# parking sensors



## longleaf (Dec 11, 2005)

Hi to everybody

I have just fitted the Nissan RPS parking sensors to my 04 dci SVE and am wondering if the blue cablle that is in the multi plug with the Red power lead and the Black ground/earth lead has to cut or left as a loop as it comes .
The reason i ask is i am having some trouble getting them to work properly and am assuming that the blue lead being in a loop could be fooling it into thinking that a reversing camera is fitted.
Any help would be very welcome


----------



## flynn (Jun 23, 2006)

I bought a Nissan parking sensor kit but they came without any instructions so you may be better informed than me.  

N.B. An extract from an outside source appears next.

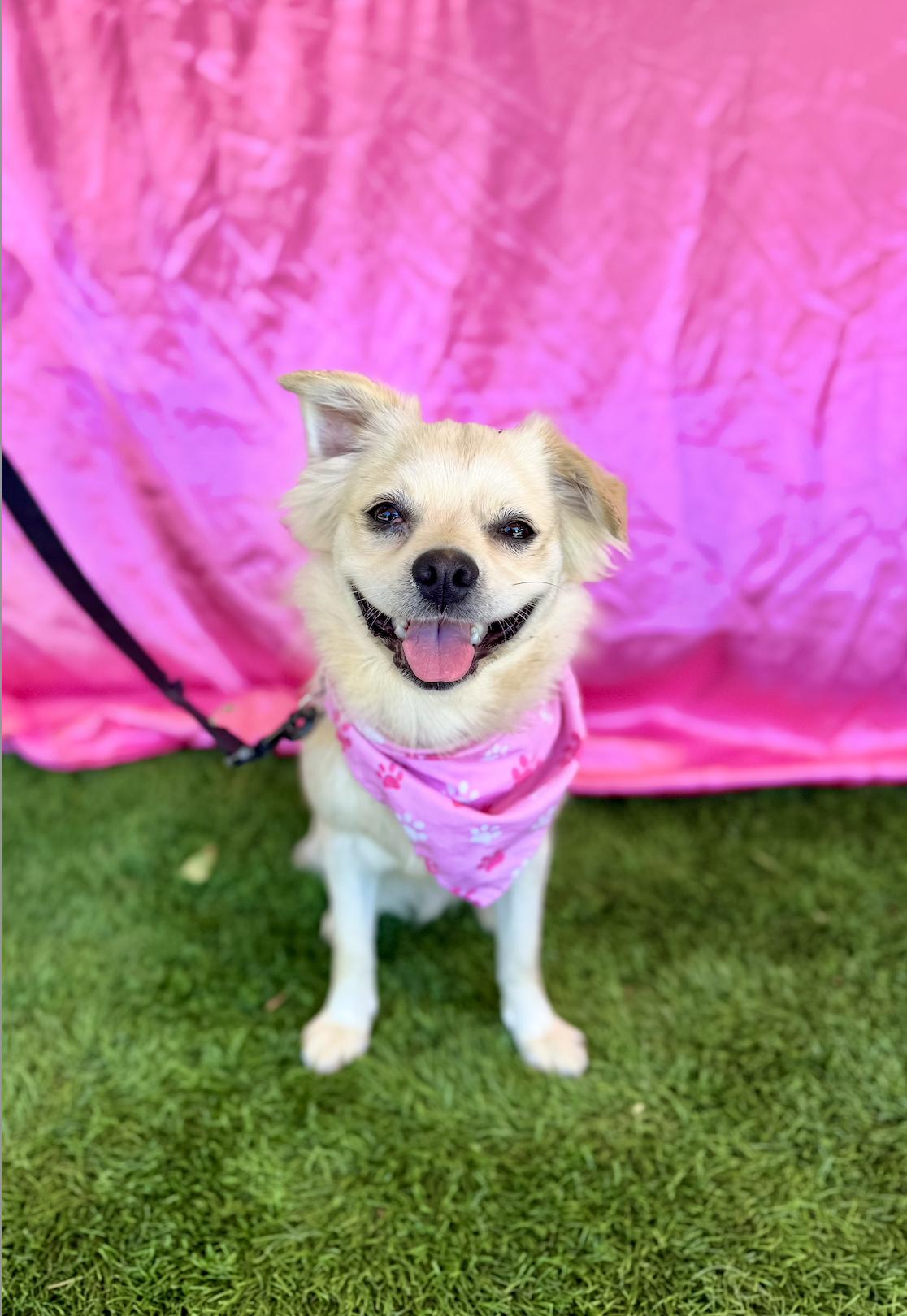 MAE, an adoptable Pekingese in Rowland Heights, CA, 91748 | Photo Image 1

I'm still chasing the supplier for them. Are yours branded as Nissan? Mine came in a Nissan box with a Nissan leaflet about what the beeps mean but don't have the Nissan brand on the actual parts.


----------



## longleaf (Dec 11, 2005)

The main control unit has the Nissan brand on it as did the box that it came in as well as the Nissan part # Ke511-99900. All paperwork was also genuine Nissan but i am still not sure about the looped blue cable needing to be cut or not. 
The sensors do not appear to detect every thing and when they do there is no change in rate of beeps no matter how close to the object the vehicle is.


----------



## flynn (Jun 23, 2006)

Can't you snip the wire and re-join it with one of those blue connector thingies if it doesn't help? I notice the four sensors I've got are numbered 1 to 4. Does that mean they have to be positioned in any particular order?


----------



## longleaf (Dec 11, 2005)

I have just cut the Blue wire before i read your reply and all seems to be working fine.If you dont have the instructions i maybe able to e-mail u a copy of mine if that would help but to be honest with only 2 wires to connect it's fairly straight forward.
The Red wire is connected to the Yellow/Green wire that feeds the reverse light and the Black is the earth.The rest of the instructions are all about positioning all the components i.e sensors /control unit/wiring loom and how to remove the rear bumper.


----------



## flynn (Jun 23, 2006)

longleaf said:


> I have just cut the Blue wire before i read your reply and all seems to be working fine.If you dont have the instructions i maybe able to e-mail u a copy of mine if that would help but to be honest with only 2 wires to connect it's fairly straight forward.
> The Red wire is connected to the Yellow/Green wire that feeds the reverse light and the Black is the earth.The rest of the instructions are all about positioning all the components i.e sensors /control unit/wiring loom and how to remove the rear bumper.


Well done! Yes please, a copy of the instructions would be great. At least I'll know what I'm supposed to know and was wondering about the bumper. I'll PM.

I notice on mine that one blue wire comes out of the plug and into the loom but two seem to come out the other end (taped back so may be joined). Clever stuff.


----------